A woman recounts her journey with chronic schizophrenia, detailing her struggles with psychosis, hospitalizations, and the challenges she faced during her academic and professional life. Despite a prognosis that predicted a life of dependency and menial work, she became a law professor and an advocate for mental health, emphasizing the importance of treatment, support systems, and workplace accommodations. She advocates against the use of force in psychiatric care and stresses the need for better understanding and treatment of mental illness to avoid criminalization. Her story is one of resilience, hope, and the pursuit of a fulfilling life despite her condition.
1. The speaker is a woman with chronic schizophrenia.
2. She has spent hundreds of days in psychiatric hospitals.
3. She was diagnosed with schizophrenia and given a "grave" prognosis, which meant she was expected to live in aborted care and work at menial jobs.
4. She graduated from Yale Law School and got her first law job in New Haven.
5. Her analyst, Dr. White, announced that he would be closing his practice in three months.
6. The speaker's best friend, Steve, flew to New Haven to be with her during a difficult time.
7. Steve is a lawyer and a psychologist who has treated many patients with severe mental illness.
8. The speaker was hospitalized for almost three decades due to her condition.
9. She is now a chaired professor of law, psychology, and psychiatry at the University of Southern California (USC) Gould School of Law.
10. She has a beloved husband named Will.

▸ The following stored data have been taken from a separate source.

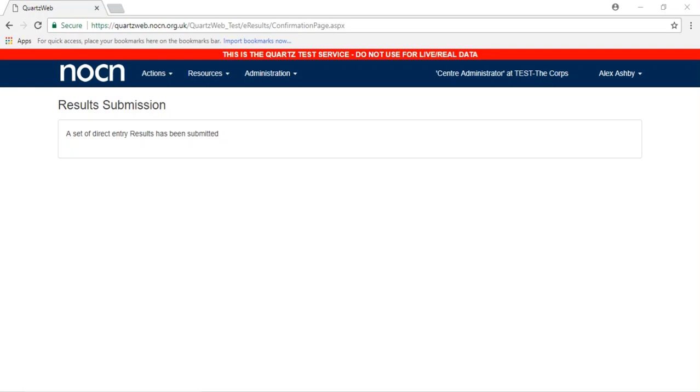The User Guide can be found on the homepage of QuartzWeb. You will receive an email once your results have been processed.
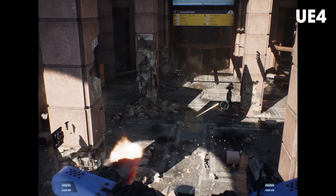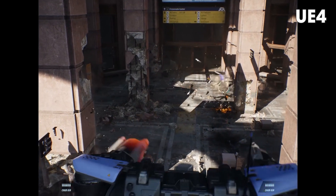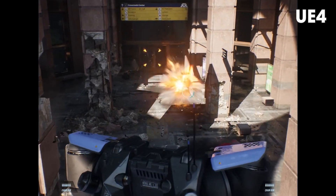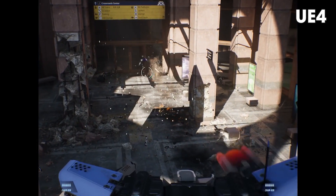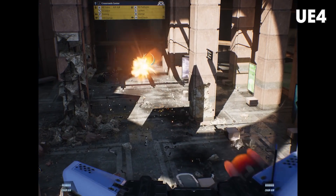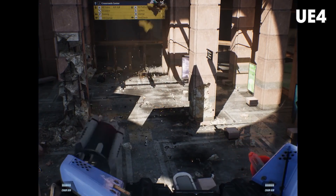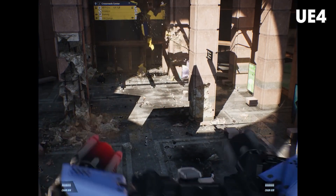Here is the demo of Unreal Engine 4's Chaos Physics by Alan Noon, during the Game Developers Conference 2019.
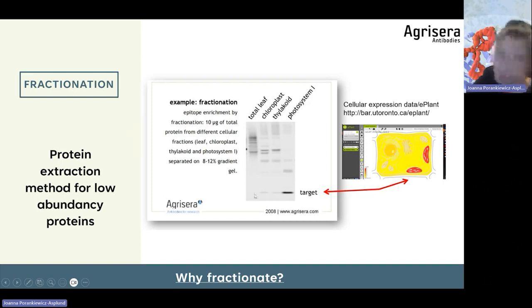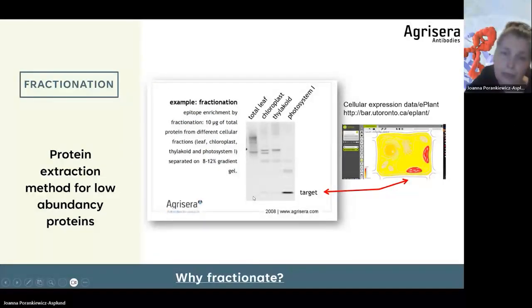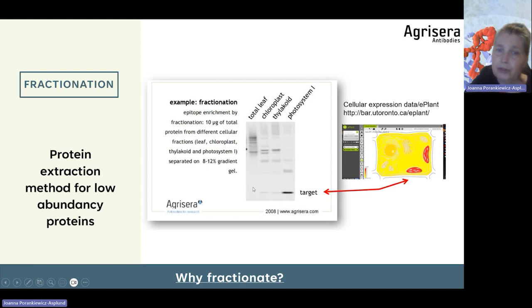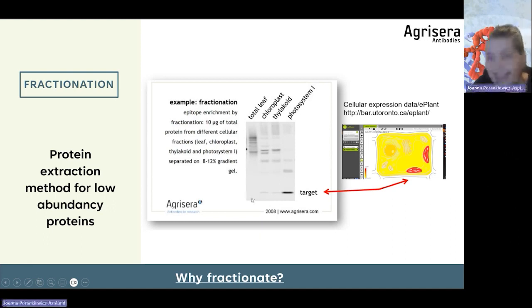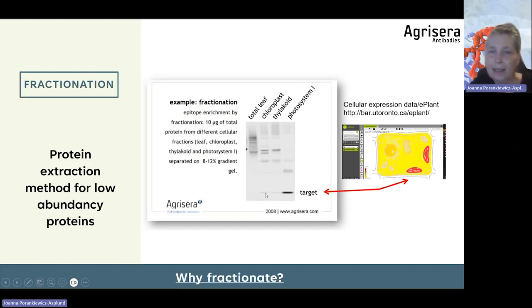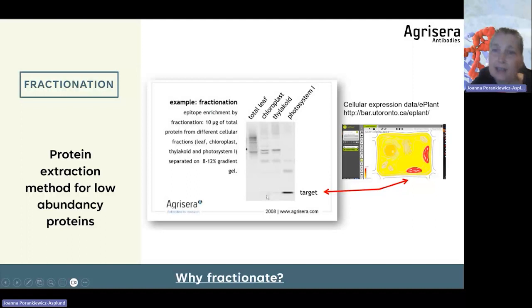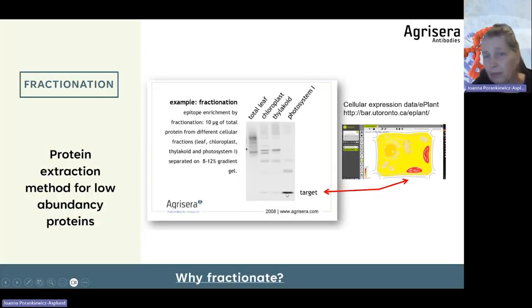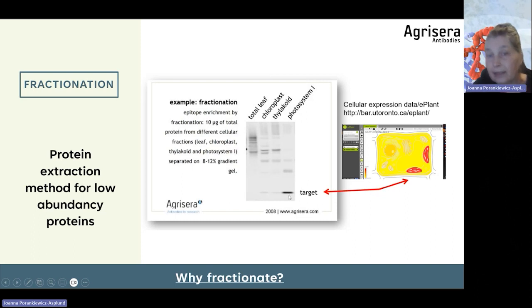As you can see in this example, there was absolutely no signal in total leaf extract. While when analyzing specific fractions — in this case the target was present in photosystem one — the photosystem one fraction gave the best signal.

11. The speaker defines schizophrenia as a brain disease characterized by psychosis, delusions, and hallucinations.
12. She explains that delusions are fixed and false beliefs that aren't responsive to evidence, and hallucinations are false sensory experiences.
13. The speaker describes her experience of being psychotic, including having delusions and hallucinations.
14. She mentions that schizophrenia is not the same as multiple personality disorder or split personality.
15. The speaker notes that people with schizophrenia can be found across a wide array of socioeconomic statuses.
16. She shares an episode from her past where she became psychotic while working on a memo assignment at Yale Law School.
17. The episode led to her first hospitalization in America.
18. The speaker spent five months in a psychiatric hospital, where she was restrained for up to 20 hours at a time.
19. She notes that restraints can be deadly, with estimated deaths ranging from one to three people per week in the United States.
20. The speaker eventually came to Los Angeles to teach at USC Law School and has been taking medication for her condition.
21. She credits her excellent treatment, supportive family and friends, and accommodating workplace for her ability to manage her condition.
22. The speaker notes that the stigma against mental illness is still powerful and that she only made her illness public relatively late in life.
23. She emphasizes that people with schizophrenia are not defined by their diagnosis and deserve to be treated with respect and dignity.
24. The speaker calls for increased resources for research and treatment of mental illness and an end to the criminalization of mental illness.
25. She encourages the entertainment industry and press to portray people with severe mental illness sympathetically and in all the richness and depth of their experience as people, not just diagnoses.